# Evidence



## Bri&John (Jan 8, 2011)

Thanks everyone for your help.

Just anoter question;
*What is the best way to supply all the information/evidence. I have read that they do not like things in plastic wallets? Shall I put all the evidence in a ring binder labelled month-month or just what type of evidence ie; joint account etc...
I was thinking of creating a diary like folder. So every month of our relationship. So ie; Oct 2009 - joint bills, joint account, holiday tickets and photos of that holiday etc?
*The other thing is, my mother re-married when I was 7, so I have a step dad, whom we have put his details on the application. My bio dad has had a girlfriend of 2 years, but I've met her once - do I need to put her name on? Even though I don't know her birthday!!

Thanks guys!! All soo helpful!!


----------



## Siouxzee (Dec 8, 2010)

Hi Bri&John
Is this for your application?
For relationship evidence do you have to provide something for every month you are together. Is a marriage certificate plus joint bond details, a few photographs and the fact we have 2 children not enough?
Would also be interested to know the best way they would like it all.


----------



## jenswaters (Jul 8, 2009)

Siouxzee said:


> Hi Bri&John
> Is this for your application?
> For relationship evidence do you have to provide something for every month you are together. Is a marriage certificate plus joint bond details, a few photographs and the fact we have 2 children not enough?
> Would also be interested to know the best way they would like it all.


No, not something for every month together (could you imagine the size of that paperwork?!?!). Best to get a collection of things that cover from start to present (I nearly said "finish"...mmm, maybe not)! We didn't have anything for the first year of our relationship, just pictures from Facebook that were dated! We offered tenency agreements, joint bank info, bills etc. When I collated them, I put a sheet of blank paper in between each section of evidence stating what it was and listing everything in that section that was evidence e.g. "Evidence of Relationship", and then put all the pieces of evidence afterwards, "Degree Certificates" and then put further evidence etc etc.

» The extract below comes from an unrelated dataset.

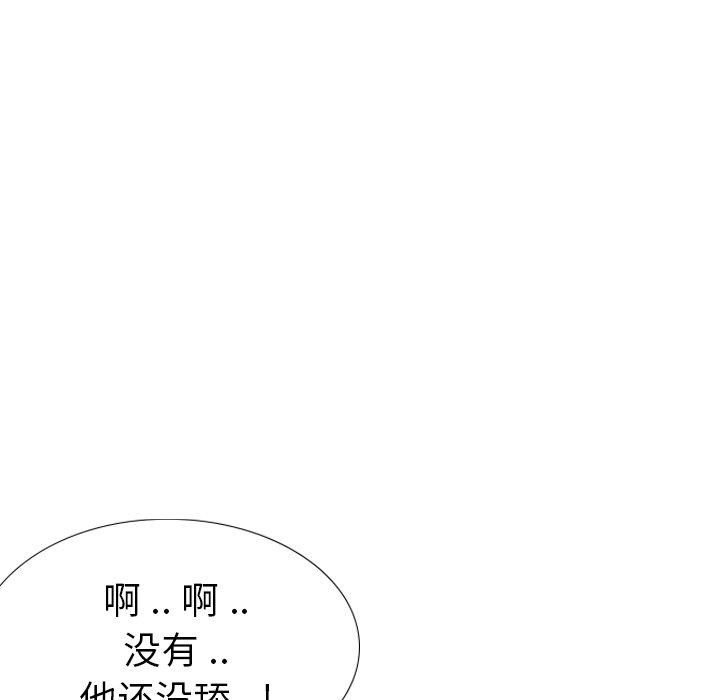 第 25 话 - 第72.jpg页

I have known people get their evidence professionally bound at great expense...their feedback was it was the neatest presentation ever received!! In all honesty, as long as evidence is collated, clearly logical, follows the order requested in the ITA, and is relevant, I wouldn't worry too much about professional binding


----------



## Bri&John (Jan 8, 2011)

Thanks Jenswater!
Although the profesional binding sounds awesome, think I will save the money!!


----------



## saltybroad (Jan 9, 2011)

We found that it was sufficient to stack/organize it all into a neat pile (and no, they don't like plastic document protectors) with an "index" page on top. As far as proving your relationship goes, we had a marriage certificate and children, but were also asked to prove that we had been living together and banking together for x amount of time. So I would say the more the merrier, where your relationship is concerned. We did get approved, so must not have screwed it up too badly!


----------



## ConfusedKiwi (Nov 12, 2009)

Hi All,
We are about to send our application in this Friday. Did Immigration require both passport or are Certified Copies sufficent? I have to have a Lawyer sign the Sponsorship form so i was hoping to get my Passport copies verified at the same time.
We are submitting the documents in a Ring binder separated by Dividers. Hope they don't mind this.
Did anyone inlude a statement about how long you have been together or how they met etc? 
We are not married but engaged.

Thanks

Have a good day


----------



## topcat83 (Apr 16, 2009)

ConfusedKiwi said:


> Hi All,
> We are about to send our application in this Friday. Did Immigration require both passport or are Certified Copies sufficent? I have to have a Lawyer sign the Sponsorship form so i was hoping to get my Passport copies verified at the same time.
> We are submitting the documents in a Ring binder separated by Dividers. Hope they don't mind this.
> Did anyone inlude a statement about how long you have been together or how they met etc?
> ...


Hi there

I think you're OK with certified copies - that's what we supplied.
You will need to supply the proper passport at the end so they can put the visa stamp in it.


----------